Ilgauskas' absence was felt offensively as well. Shawn Kemp , the team's only real inside scoring threat, was double-teamed just about every time he got the ball near the basket. Forced to bull his way through a tangle of arms and bodies, he committed 4.5 fouls per game - many on the offensive end.

Despite frequently running into foul trouble and playing just 30.4 minutes per game, his lowest figure since 1991-92, Kemp led the Cavs in scoring (17.8 ppg), rebounding (8.8 rpg) and shotblocking (1.17 bpg). He shot only .417 from the field, however, a career-low and far below his career percentage of .508 going into the 1999-2000 campaign, and he was fifth in the league with 3.5 turnovers per game.

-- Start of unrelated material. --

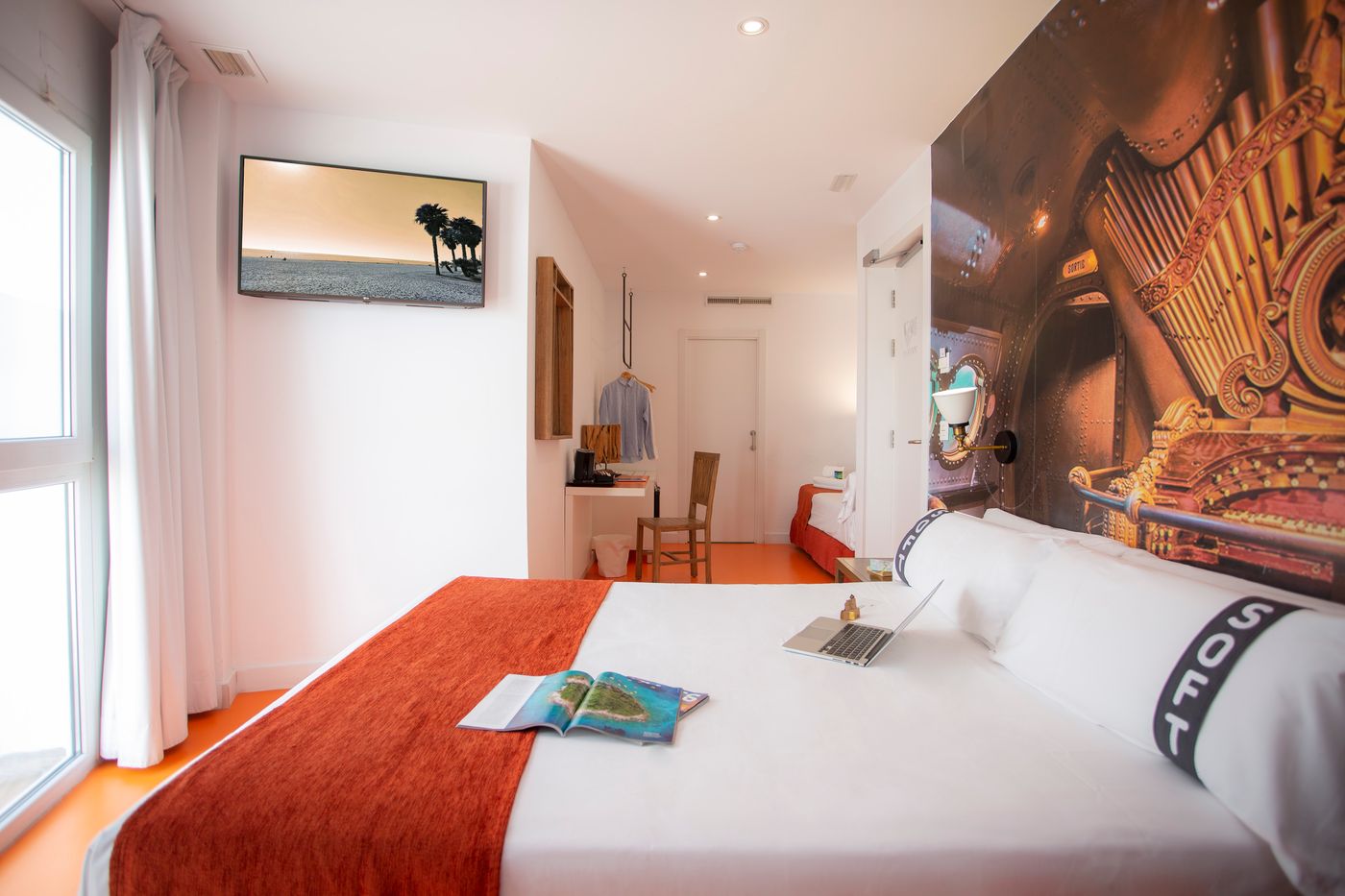 Casual-del-Mar-Malaga-Room-26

One encouraging sign for the Cavaliers was the second-half emergence of rookie point guard Andre Miller , the team's first-round pick from Utah and the eighth overall selection in the 1999 Draft. When starter Brevin Knight missed seven of eight games in February due to right quadriceps tendonitis, Miller stepped in and averaged 16.9 points and 9.6 assists per game, including his first career triple-double of 28 points, 12 assists and 10 rebounds in a 102-94 loss to Atlanta on Feb. 5.

Miller, who started for most of the second half of the season, finished at 11.1 points and 5.8 assists per game, while Knight averaged 9.3 ppg and a team-high 7.0 apg. It's likely that one of the options Paxson had in mind was a deal involving one of Cleveland's point guards, which might plug a hole elsewhere.

Even though Ilgauskas was out, the season started off well for the Cavs, who were cruising with an 11-9 mark after routing Boston 115-88 on Dec. 14. But a 111-101 loss at New Jersey the following night touched off a seven-game losing streak, and by the All-Star break Cleveland's record had dipped to 19-30.

Following three consecutive victories, Cleveland was clinging to an outside playoff hope at 25-34 on March 5, but a six-game losing streak put an end to that.

Wittman, completing his first season as a head coach, believes the Cavs were not as far from the playoffs as their record might indicate: "You take out the close games and the games where we've at one point been in control of the game& there are a lot of them. Even if you're conservative and you take half or 40 percent of them and turn them into wins, we're in the seventh or eighth (playoff) spot."